In Singer's book, all his scenarios support his conclusions. Moreover, after noting that trolley problem thought experiments suggest that people view action and inaction differently (perhaps recognizing that in a finite life, we cannot do all things), he dismisses that general observation, consistent across a wide range of moral psychology scenarios, as irrelevant.

Unsurprisingly, while noting that poverty has decreased dramatically over the past five decades, both in real and relative terms, the book spends almost no time investigating that phenomenon, insisting instead that large increases in aid are the best answer going forward.

The biggest disappointment for me is that I agree with Prof. Singer that we should and could be doing far more, and yet I found the arguments in his book depressingly weak.

Saturday, February 28, 2015

Federal fund rate, median income, and core inflation.

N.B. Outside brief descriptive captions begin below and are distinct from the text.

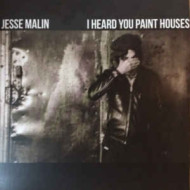 I HEARD YOU PAINT HOUSES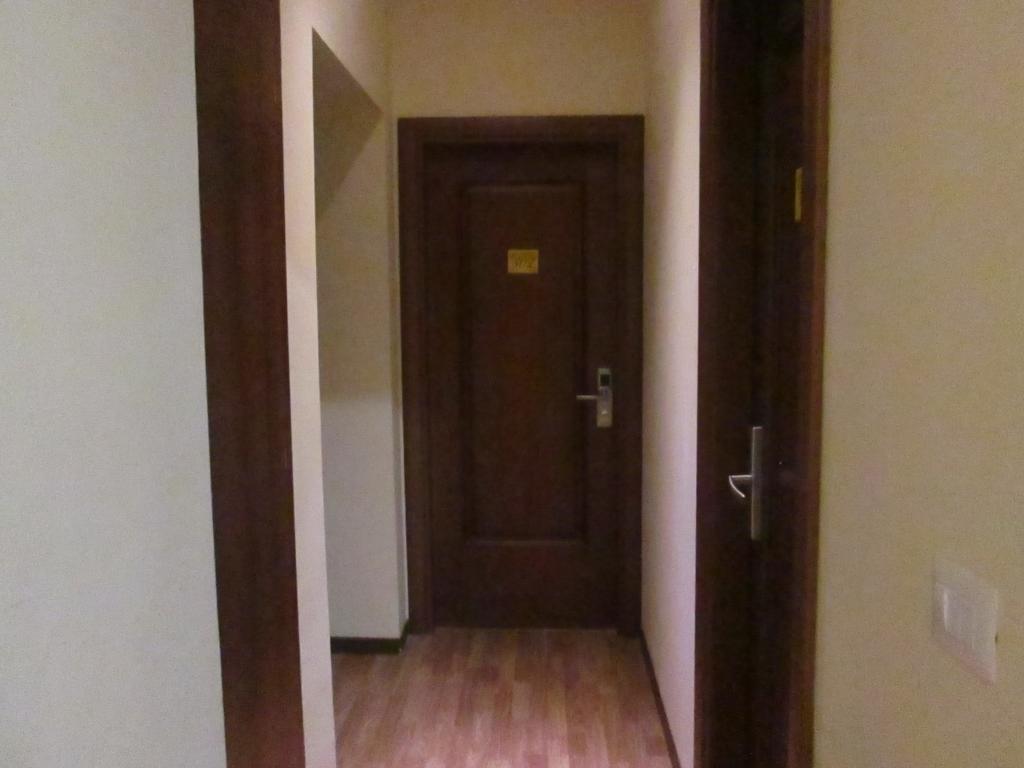Couette-café Lazio Elegance 2*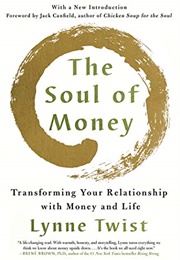 The Soul of Money (Lynne Twist)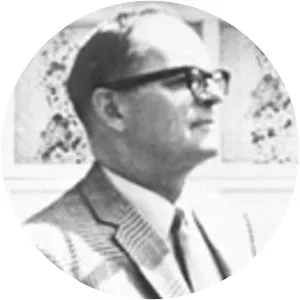 Clifford Lindsey Alderman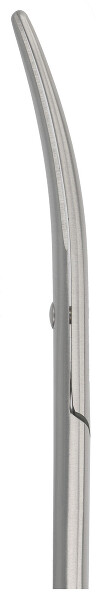 RU 1331-23 / Tijera Metzenbaum, Curva, 23 cm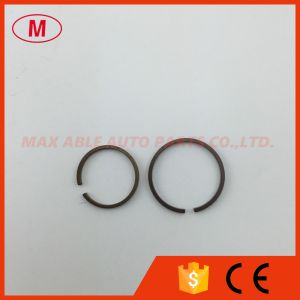 S1B S100 turbo piston ring compressor side and turbine side for repair kits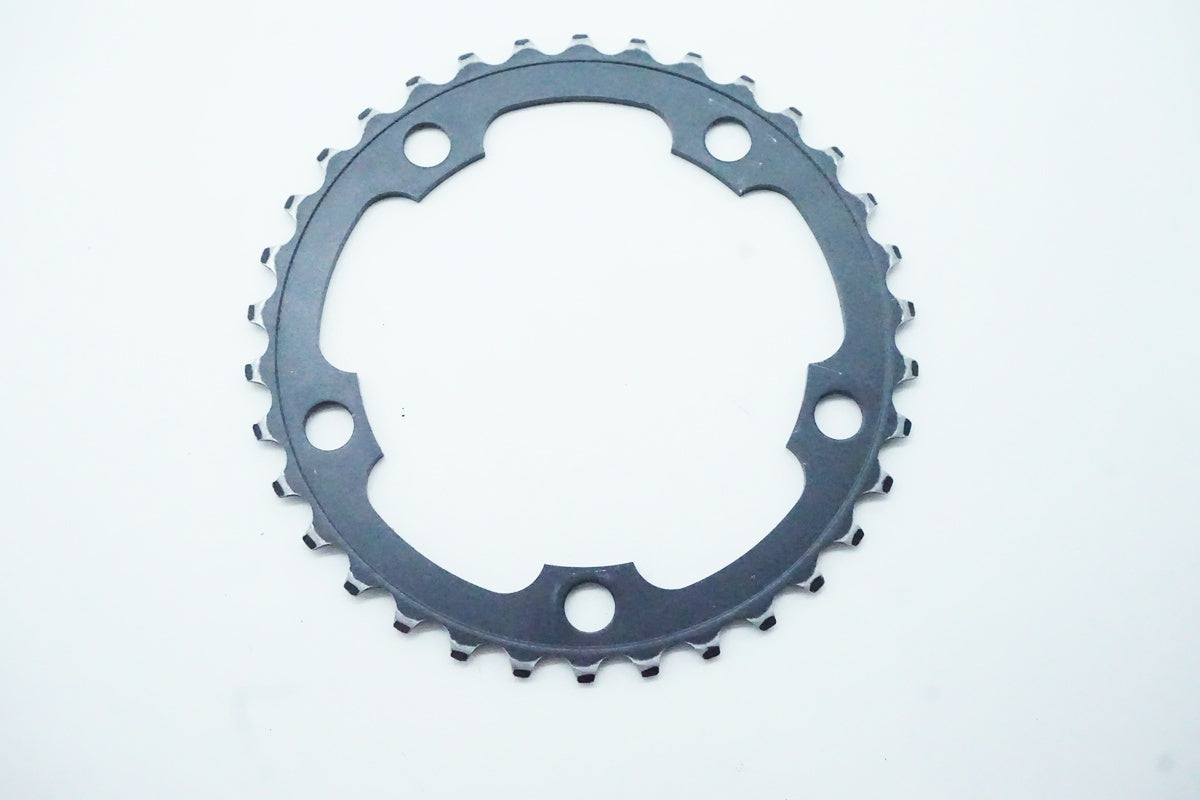 SHIMANO「シマノ」 SG-X インナー 34T チェーンリング/ 京都西院店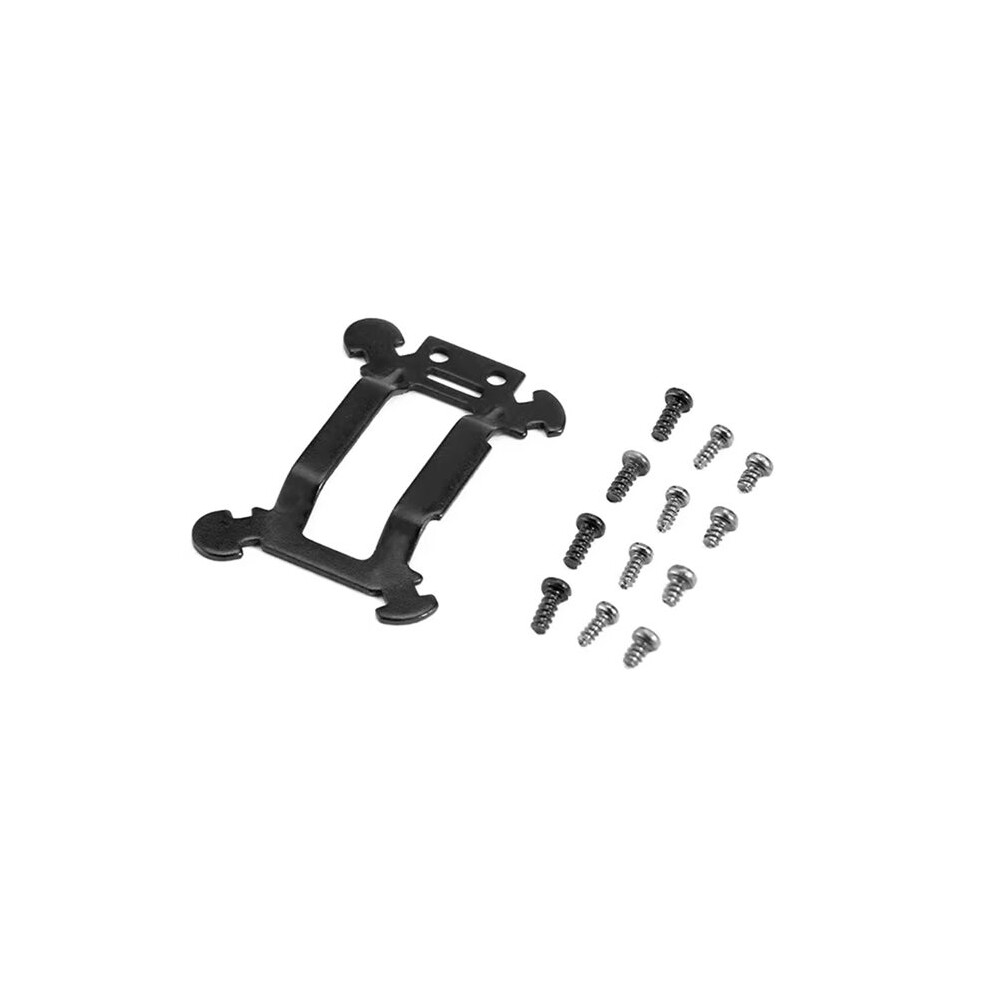 For Pro Gimbal Shock Absorbing Holder Damping Board Bracket Repair Parts Replacement Mount Vibration Absorber 6131797828103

Here, I've added a graph of core inflation to the previous graph. While the correlation between median income growth and the federal funds rates is not perfect, it's far stronger than the correlation between the federal funds rate and inflation. In 1994-95, for example, the FFR doubled, even though inflation (already at a near 10-year low), dropped slightly.

Friday, February 27, 2015

Federal Funds Rate vs Median Household Income

Sustained drops in median income seem to be the rule rather than the exception. Once median income starts to fall, the drop seems to gather momentum and be hard to arrest, at least with monetary policy. What starts the drops? Is it policy or a natural cycle?

Here we have a graph of the federal funds rate against median income. While the graphs are not completely synchronized, their shapes are largely similar. While median income rises, the Federal Funds Rate increases. When median income falls, the Federal Funds rate also falls. The exception to this pattern is 1995-1998, when the Fed allowed median income to rise without responded with interest rate increases. Perhaps not coincidentally, that was the longest period of sustained income growth covered by this data series.

Thursday, February 12, 2015

inequality increases, recession vs non-recession

Following up on that last post, depending on how you calculate it, the convergence between median family income and per capita GDP since 1984 occurs either completely or predominantly during the median income drops that surround recognized recessions.

Arithmetically, the difference between median family and per capita income dropped by $14,500 between 1984 and 2012. $14,500 of that change was associated with recessions.

Geometrically, per capita GDP increased 61% from '84 to '12. Median income increased by 8.1%. Between median income recessions, per capita income outpaced median income 43% to 30%, significant but not startling. During median income recessions, per capita income increased 12%. Median income dropped 17%.

By the way, I realize that per capita GDP and median household income measure slightly different things. Average household size, for example, decreased by about 7% over this time period, which would explain some of the difference in non-recession growth. There are, no doubt, other corrections to the baseline trends that explain some differences in growth rates without corresponding increases in inequality.

It seems unlikely, however, that those trends are related to economic cycles. It's hard to believe that average family sizes dropped 8% from 2007 to 2012, or that benefits increased about 15% from 1999-2004 to compensate for the drop in median income. And to the extent that those trends explain the baseline, non-recession convergence of the curves, it only further emphasizes the role of recessions in increasing inequality.

It hasn't always been this way. Prior to 1980, per capita GDP and median household income tracked one another very closely.

more fun with graphs

Median incomes decline before a recession, and continue to decline after the recession is over. What about per capita incomes?

Average incomes drop less steeply, for a shorter time.

It appears, in fact, that the median income drops surrounding recessions account for much of the rise in income inequality over the past thirty years. During full recovery periods (where median income is rising), the curves in the graph track fairly well. During recessions (broadly defined), the curves diverge.